Task prompt: Which lines run from the one containing "Convite de Casamento" to the end of the listing below? Write them out exactly, both ends included, with nothing else.

== == ==

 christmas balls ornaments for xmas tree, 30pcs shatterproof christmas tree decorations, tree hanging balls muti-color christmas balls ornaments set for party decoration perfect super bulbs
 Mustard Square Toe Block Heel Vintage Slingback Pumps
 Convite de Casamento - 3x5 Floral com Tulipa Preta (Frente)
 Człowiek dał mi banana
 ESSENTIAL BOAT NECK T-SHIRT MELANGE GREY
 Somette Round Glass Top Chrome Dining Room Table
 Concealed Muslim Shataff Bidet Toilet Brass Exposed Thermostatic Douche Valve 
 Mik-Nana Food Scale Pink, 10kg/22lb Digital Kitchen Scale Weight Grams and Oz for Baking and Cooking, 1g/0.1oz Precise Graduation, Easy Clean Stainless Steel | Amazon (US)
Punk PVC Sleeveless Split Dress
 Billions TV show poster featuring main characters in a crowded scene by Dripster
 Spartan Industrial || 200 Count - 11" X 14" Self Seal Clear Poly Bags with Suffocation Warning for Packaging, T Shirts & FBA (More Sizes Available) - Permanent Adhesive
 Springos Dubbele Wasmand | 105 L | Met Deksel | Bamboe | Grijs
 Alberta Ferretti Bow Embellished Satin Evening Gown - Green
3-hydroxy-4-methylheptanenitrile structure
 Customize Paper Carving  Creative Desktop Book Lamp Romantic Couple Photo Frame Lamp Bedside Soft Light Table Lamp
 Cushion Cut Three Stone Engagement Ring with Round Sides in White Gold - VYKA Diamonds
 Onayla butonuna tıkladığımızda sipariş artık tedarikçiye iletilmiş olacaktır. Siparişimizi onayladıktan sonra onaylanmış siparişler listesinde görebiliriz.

== == ==

Answer below:
 Convite de Casamento - 3x5 Floral com Tulipa Preta (Frente)
 Człowiek dał mi banana
 ESSENTIAL BOAT NECK T-SHIRT MELANGE GREY
 Somette Round Glass Top Chrome Dining Room Table
 Concealed Muslim Shataff Bidet Toilet Brass Exposed Thermostatic Douche Valve 
 Mik-Nana Food Scale Pink, 10kg/22lb Digital Kitchen Scale Weight Grams and Oz for Baking and Cooking, 1g/0.1oz Precise Graduation, Easy Clean Stainless Steel | Amazon (US)
Punk PVC Sleeveless Split Dress
 Billions TV show poster featuring main characters in a crowded scene by Dripster
 Spartan Industrial || 200 Count - 11" X 14" Self Seal Clear Poly Bags with Suffocation Warning for Packaging, T Shirts & FBA (More Sizes Available) - Permanent Adhesive
 Springos Dubbele Wasmand | 105 L | Met Deksel | Bamboe | Grijs
 Alberta Ferretti Bow Embellished Satin Evening Gown - Green
3-hydroxy-4-methylheptanenitrile structure
 Customize Paper Carving  Creative Desktop Book Lamp Romantic Couple Photo Frame Lamp Bedside Soft Light Table Lamp
 Cushion Cut Three Stone Engagement Ring with Round Sides in White Gold - VYKA Diamonds
 Onayla butonuna tıkladığımızda sipariş artık tedarikçiye iletilmiş olacaktır. Siparişimizi onayladıktan sonra onaylanmış siparişler listesinde görebiliriz.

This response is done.